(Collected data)
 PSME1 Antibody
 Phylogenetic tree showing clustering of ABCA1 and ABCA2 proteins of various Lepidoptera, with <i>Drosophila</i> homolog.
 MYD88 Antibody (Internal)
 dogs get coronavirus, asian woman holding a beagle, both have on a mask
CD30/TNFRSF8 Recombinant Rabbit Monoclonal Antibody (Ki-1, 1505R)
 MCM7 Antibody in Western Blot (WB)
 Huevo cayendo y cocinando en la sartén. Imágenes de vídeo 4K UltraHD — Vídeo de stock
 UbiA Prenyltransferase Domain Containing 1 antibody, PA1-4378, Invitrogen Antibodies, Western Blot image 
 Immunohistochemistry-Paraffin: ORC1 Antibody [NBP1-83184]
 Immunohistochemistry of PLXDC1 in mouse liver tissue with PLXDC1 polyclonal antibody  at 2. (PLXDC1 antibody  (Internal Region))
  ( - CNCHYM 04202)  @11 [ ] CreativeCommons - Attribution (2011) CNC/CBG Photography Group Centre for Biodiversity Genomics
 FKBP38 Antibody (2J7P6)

◆ PROMPT
Each of the lines above must appear again, unchanged.

◆ WRITTEN REPLY
 PSME1 Antibody
 Phylogenetic tree showing clustering of ABCA1 and ABCA2 proteins of various Lepidoptera, with <i>Drosophila</i> homolog.
 MYD88 Antibody (Internal)
 dogs get coronavirus, asian woman holding a beagle, both have on a mask
CD30/TNFRSF8 Recombinant Rabbit Monoclonal Antibody (Ki-1, 1505R)
 MCM7 Antibody in Western Blot (WB)
 Huevo cayendo y cocinando en la sartén. Imágenes de vídeo 4K UltraHD — Vídeo de stock
 UbiA Prenyltransferase Domain Containing 1 antibody, PA1-4378, Invitrogen Antibodies, Western Blot image 
 Immunohistochemistry-Paraffin: ORC1 Antibody [NBP1-83184]
 Immunohistochemistry of PLXDC1 in mouse liver tissue with PLXDC1 polyclonal antibody  at 2. (PLXDC1 antibody  (Internal Region))
  ( - CNCHYM 04202)  @11 [ ] CreativeCommons - Attribution (2011) CNC/CBG Photography Group Centre for Biodiversity Genomics
 FKBP38 Antibody (2J7P6)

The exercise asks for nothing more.